Düzenlenen fatura ya da proforma bankaya ibraz edilir. Banka, bu belge karşılığında bedelini peşin ödemek kaydıyla hammaddeyi satıcı firmadan satın alır. Daha sonra tercih edilen vadeye göre üzerine bir miktar kâr ekler ve müşterisine kârıyla beraber satış yapar. Burada kullanılan usul, katılım bankalarının çalışma şeklini ifade etmektedir.
Faizsiz esnaf kredisi çekebilmek için ortada bir şahıs firması ya da ticari firma olmalıdır. Vergi levhası bulunmayan kişi ve şirketler, faizsiz esnaf kredisi ya da faizsiz ticari kredi hizmetlerinden yararlanamazlar.
Ayrıca bireyler gibi firmaların da kredi notu mevcuttur. Firma adına kullanılan kredili ürünlerin ödeme performansı, bilançoların gücü, sermaye miktarı ve ortaklık yapısı ile çek, senet ödeme performansı, şirketlerin kredi notunu belirleyen önemli faktörlerdendir. Bu ödemeler ne kadar düzenliyse şirketin kredi notu da o derece yüksek olacaktır. Faizsiz ticari kredilerden yararlanabilmek adına şirketinizin kredi notunu belirli bir seviyenin üzerinde tutmanız gerekir.

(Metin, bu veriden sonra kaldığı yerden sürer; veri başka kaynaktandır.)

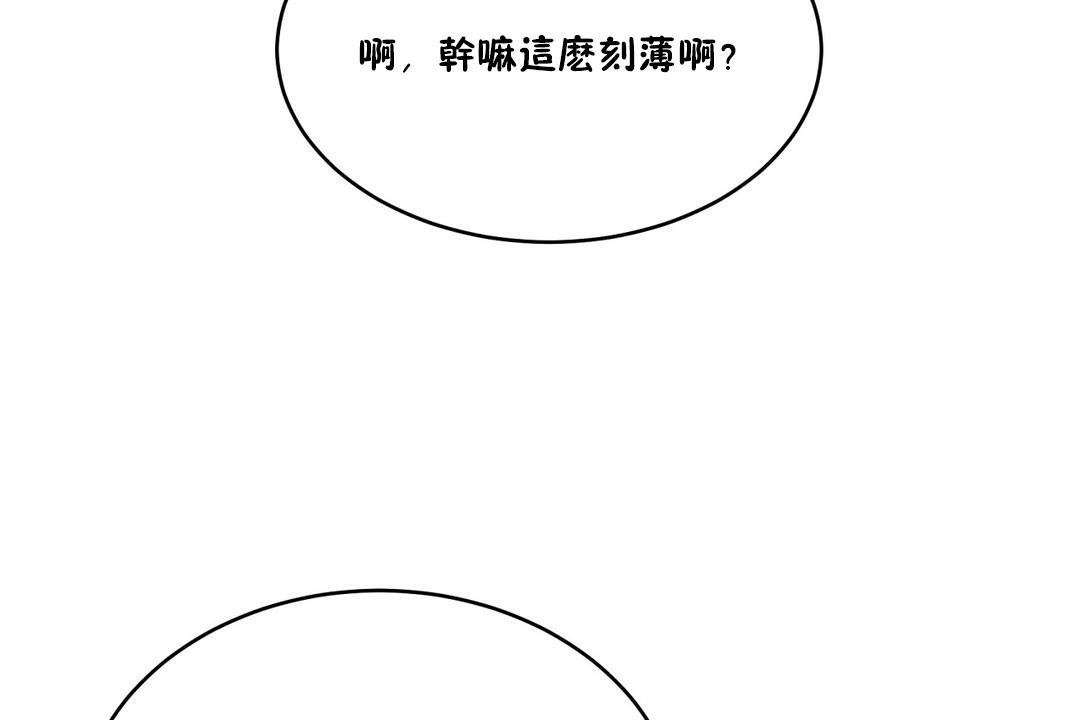 性教育第34话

Ticari kredilerde bireysel kredilerden farklı olarak daha güçlü bir teminat yapısı söz konusudur. Bankanın açacağı kredi limiti imza karşılığı olabileceği gibi belirli bir teminat şartıyla da açılabilir. Şirketin gücü ne kadar fazlaysa, herhangi bir teminat vermeden kredi limiti açılması da o derece muhtemeldir. Aksi takdirde bankanın konut, dükkan, arsa, müşteri çeki gibi teminatlar talep etmesi söz konusu olacaktır. Kredi borcunun ödenmemesi durumunda bu teminatlar banka uhdesine geçer.